## Task description
Write out exactly every line from the one containing "Gelijkheid, liefde en" through the final line of the material below, both included. Pictures are to be skipped.

## Stored data
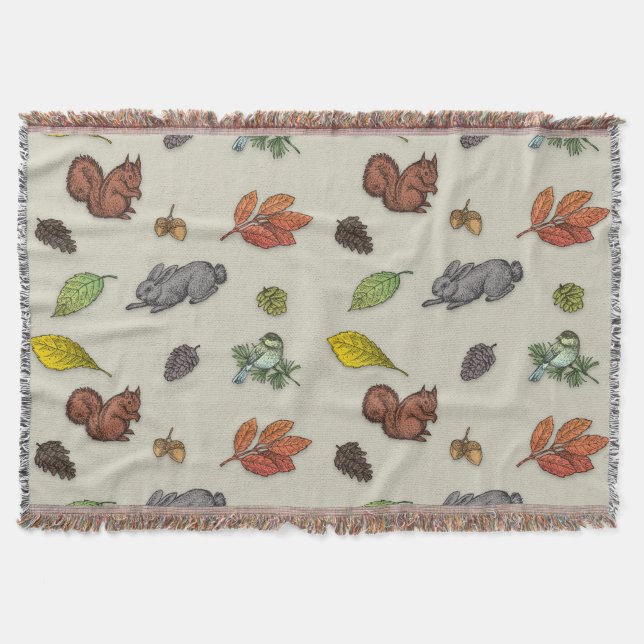 Modern röd bergsfågel filt (Framsidan)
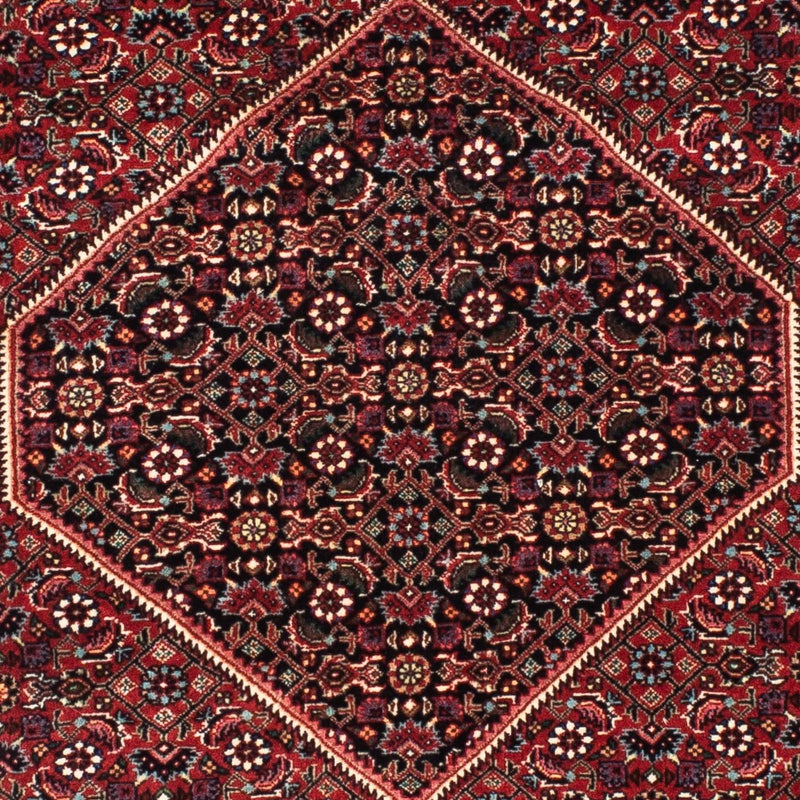 Løber Persisk tæppe - Bijar - 198 x 74 cm - mørkerød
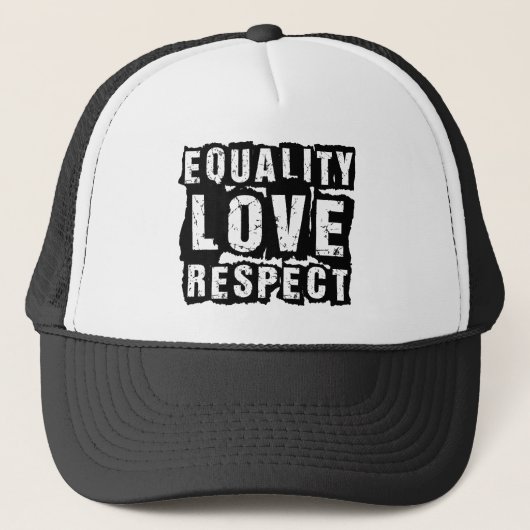 Gelijkheid, liefde en respect Pride Month Trucker Pet (Voorkant)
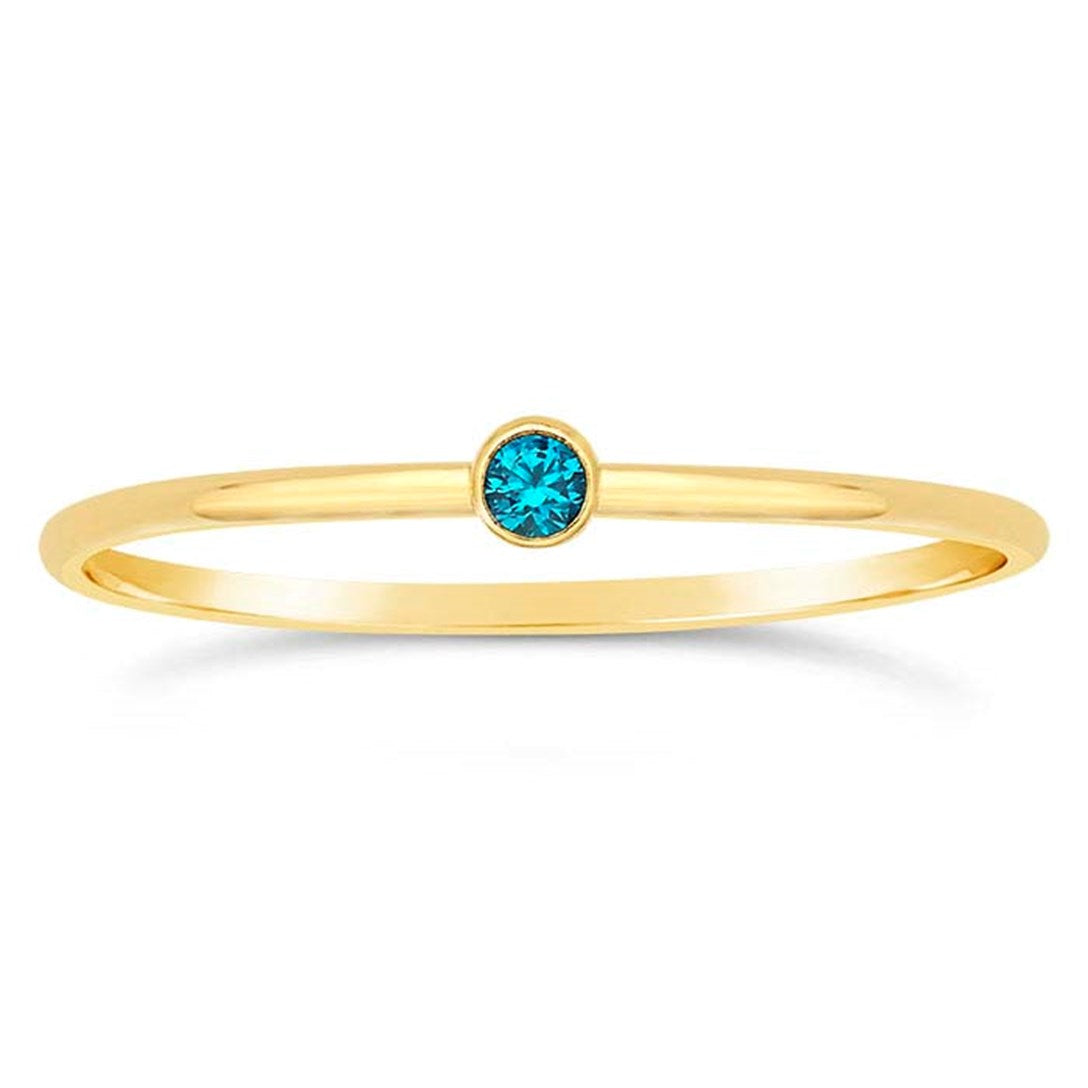 Gemstone Stackable Ring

## Exercise output
 Gelijkheid, liefde en respect Pride Month Trucker Pet (Voorkant)
 Gemstone Stackable Ring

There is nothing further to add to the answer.